• [Materials provided]:
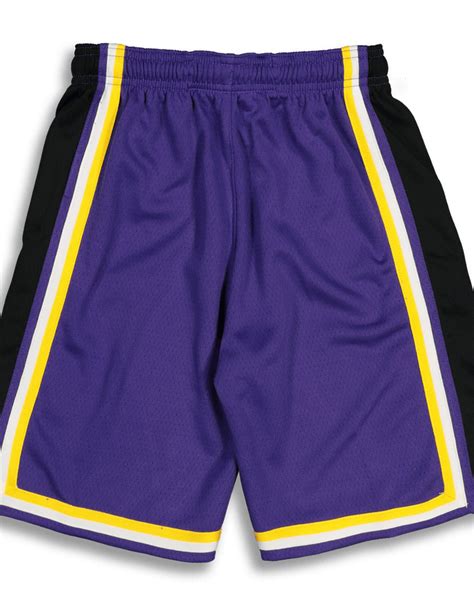Lakers Shorts For Kids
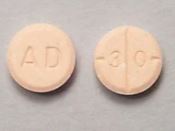 Adderall 30 mg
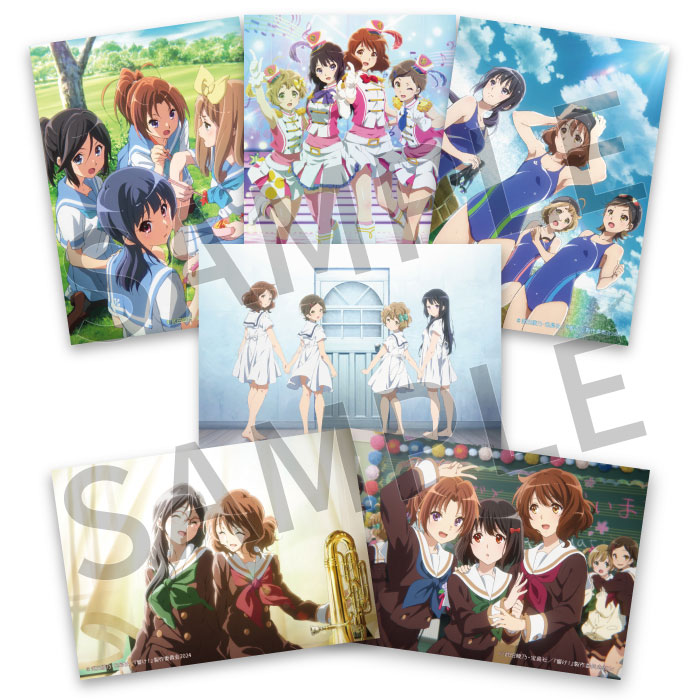 響け！ユーフォニアム」10th Anniversary Disc ～みんなのストーリー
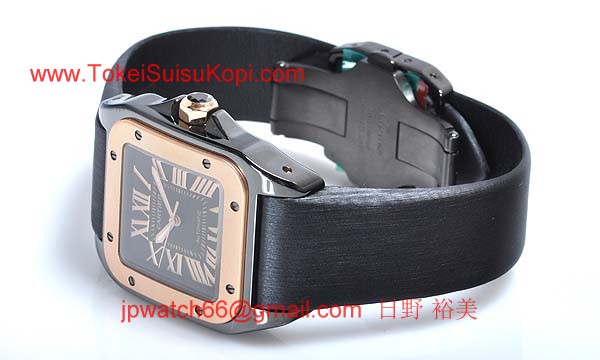 カルティエ 腕時計スーパーコピー サントス100 W2020007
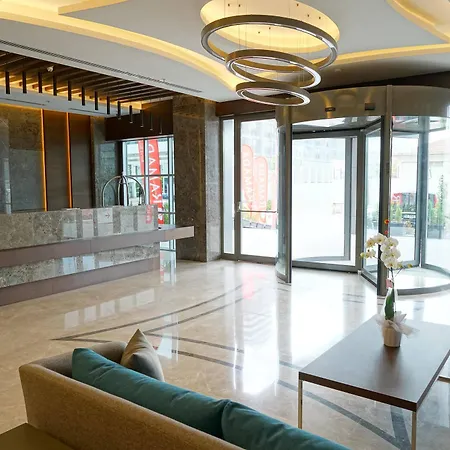 فندق Ramada By Wyndham Nilufer 4*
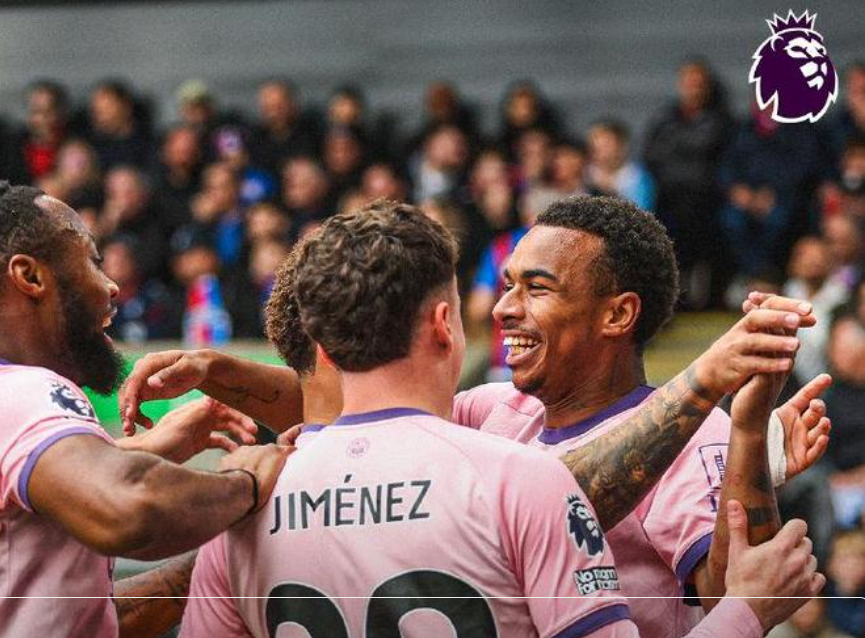 英超悲喜夜:阿森纳10领跑曼城01翻车掉第四黑马20飙升第二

• [About this exercise]:
Begin with the line containing "فندق Ramada By Wyndham Nilufer 4*", stop at the last line of the records above, and copy every line in between exactly, both ends included, with no pictures.

• [Task response]:
 فندق Ramada By Wyndham Nilufer 4*
 英超悲喜夜:阿森纳10领跑曼城01翻车掉第四黑马20飙升第二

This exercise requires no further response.